Disclosure: This lingerie set was purchased by The Lingerie Addict for review purposes. All opinions are my own.
Editor's Note: Our second review of Loveday London was published in response to comments made by the brand after our first review, which can be found here.
Why We're Reviewing Loveday London a Second Time
Earlier this year, I reviewed the ‘Oncilla’ set by Loveday London. The lingerie was originally purchased at a sample sale, in good faith that the pieces were simply end of line styles (i.e. leftover from a previous season), rather than seconds or samples. All the garments were presented with their original swingtags, size/care labels, and price tags which detailed both the retail price and the new discounted sale price.
The term ‘sample sale’ is somewhat of a misnomer. Although you usually can find samples (the test garments created for brands before a collection is put into production in a factory), often these sales are used to clear leftover stock from previous seasons and seconds (a.k.a. faulty) garments. Under UK consumer law, faults in such styles must be displayed clearly to consumers.
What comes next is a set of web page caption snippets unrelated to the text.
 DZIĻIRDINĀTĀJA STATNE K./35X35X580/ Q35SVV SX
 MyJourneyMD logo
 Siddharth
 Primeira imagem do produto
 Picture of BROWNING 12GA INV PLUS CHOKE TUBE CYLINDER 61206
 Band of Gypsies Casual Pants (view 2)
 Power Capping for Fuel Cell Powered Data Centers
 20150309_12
A fellow attendee of the sample sale, who asked to remain anonymous due to an employment conflict, recalled their experience shopping at the Loveday London stall:
'Every item that I looked at was tagged with at least swingtags that had pricing on. Every product appeared finished. I remembered I was surprised about the sale price (which also had the original RRP crossed out) of a garment because it was so low. I was told the item only fit a certain bodyshape, hence the low price. I purchased two items that had swingtags, which appear to be finished garments’.
Loveday London contacted The Lingerie Addict regarding the previous review, stating in a public comment:
‘We would like to remind you that not all items for sale at these events accurately represent the fit or quality of our final products. Sets are offered at up to 80% off for this reason.
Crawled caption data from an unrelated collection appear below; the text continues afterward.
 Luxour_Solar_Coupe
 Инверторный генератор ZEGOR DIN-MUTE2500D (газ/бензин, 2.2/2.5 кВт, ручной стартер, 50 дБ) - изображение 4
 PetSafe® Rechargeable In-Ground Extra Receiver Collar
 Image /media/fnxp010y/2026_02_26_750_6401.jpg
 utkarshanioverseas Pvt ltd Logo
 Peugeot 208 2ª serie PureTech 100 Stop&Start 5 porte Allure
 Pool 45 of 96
Had we known you were planning to review our whole brand on this particular discounted set, we would have advised you to contact us in advance to discuss your concerns and views.’
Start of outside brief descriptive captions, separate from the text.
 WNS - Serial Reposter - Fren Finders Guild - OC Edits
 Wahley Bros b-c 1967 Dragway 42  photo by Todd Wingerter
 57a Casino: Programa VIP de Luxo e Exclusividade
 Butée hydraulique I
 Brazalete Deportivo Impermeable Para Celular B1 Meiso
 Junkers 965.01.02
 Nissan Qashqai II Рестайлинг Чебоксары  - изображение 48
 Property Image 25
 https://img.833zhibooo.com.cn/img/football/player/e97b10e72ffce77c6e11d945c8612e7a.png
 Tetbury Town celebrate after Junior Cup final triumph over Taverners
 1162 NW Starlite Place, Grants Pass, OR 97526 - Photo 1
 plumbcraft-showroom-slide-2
Under UK law (the country where the garments were purchased), it is not enough to simply discount an item and consider flaws to be covered by this, especially when it has the original price attached (implying that the piece itself was originally sold for this price).
Additionally, it is against TLA’s review policies to ever contact a brand prior to a review. The point of a review is to give an accurate, unbiased consumer view of the product.
Whilst I can accept that the items in question were indeed seconds (owing to the numerous faults found with their construction), the claim that the set was either a sample or a second implies deeply unethical selling practices.
By not appropriately labeling its products, the brand does not make it clear to consumers what they are really purchasing. A product should be clearly presented as either faulty or as discounted end-of-line.
How I Approach Lingerie Reviews
My approach to lingerie reviews is a little different than the average blogger's. To start, my experience in the lingerie industry gives me a much more in-depth perspective on lingerie construction and fit.
I have a 3 year lingerie degree under my belt, which taught me how to pattern cut and sew lingerie. I ran an award-winning luxury lingerie brand for over 5 years, where I both sewed products myself and oversaw factory production runs, ensuring my garments were made to a high and exacting standard.
For nearly a decade I have studied vintage and antique lingerie, developing a wealth of knowledge which culminated in the opening of The Underpinnings Museum, an online museum dedicated to the study of lingerie history.
All these experiences have resulted in a stringent approach to reviewing modern underwear. I examine the quality of materials and stitching up close, and have exacting standards of what consumers should expect at particular price points. This is not borne of any desire to punish lingerie brands, but rather to give our readers as accurate and informed a perspective as possible.
With that in mind, I was asked by The Lingerie Addict to review another set from the brand. The set in this review has been purchased directly from a stockist of the brand, and is therefore irrefutably ‘representative’ of the brand’s products.
Purchasing and Price Details
For this review, the ‘Titania’ balconette bra and ouvert thong were purchased from the brand’s Spring Summer 2017 collection.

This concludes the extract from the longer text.